10. Competitive advantage will lie with those countries that have strong social cohesion built on investment in education and training, health-care and a sound industrial relations system, founded on core labour standards. The most successful countries, both developed and developing, will be those with institutions that are able to balance and rebalance the market pressures of flexibility and dynamism with the social pressures for security and dignity. People must be entitled to a say on their terms and conditions of employment, and economic development. 

11. A new architecture for global financial stability and sustainable development must include a Social Code. Action is needed to: 

- Reform of the IMF and World Bank, as called for by the UN's Copenhagen Summit for Social Development, so that structural adjustment programmes promote good governance and respect for human rights and core labour standards, increased employment and poverty reduction, rather than current policies of austerity; 
- The implementation by all relevant international institutions of the ILO Declaration on Fundamental Principles and Rights at Work; 
- Active debate in the WTO to ensure that the 1999 WTO Ministerial meeting includes core labour standards as a subject for negotiation in any new round of trade negotiations; practical measures to strengthen co-operation between the ILO and WTO; and the covering of core labour standards in trade policy reviews; 
- Learning the lessons of the failure of MAI negotiations so that future multilateral rules governing international investment balance the responsibilities and not just the rights of investors including among other things binding commitments to observe core labour standards. 
12. Preventing a global slump and building the foundations for recovery and sustainable development is a challenge to the leadership of the world’s major democracies in the industrialised and developed world.

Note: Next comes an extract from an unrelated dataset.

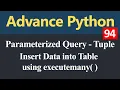 Insert Data into Table using executemany Parameterized Query Tuple in Python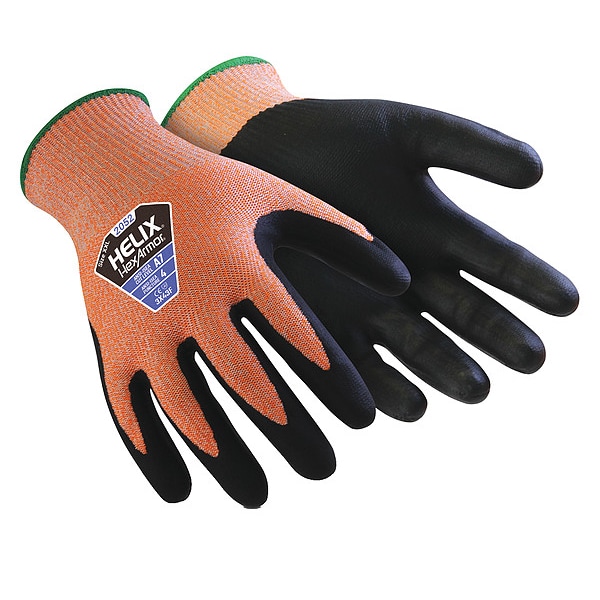 Hexarmor Knit Gloves, HPPE, Nitrile, , Sandy Palm, Knit, Orange, 1 PR - 2052-XL (10)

Globalisation is man-made and not a force of nature, even if at the present time it often gives the appearance of being out of control. The world could revert to nationalism and isolationism. However, such a trend would prevent any global effort to eliminate poverty, and destabilise international relations and the quest for peace, security and disarmament. The real question facing the international community is: does the political will exist to build international policies and institutions to manage the process of globalisation to meet the needs and aspirations of people?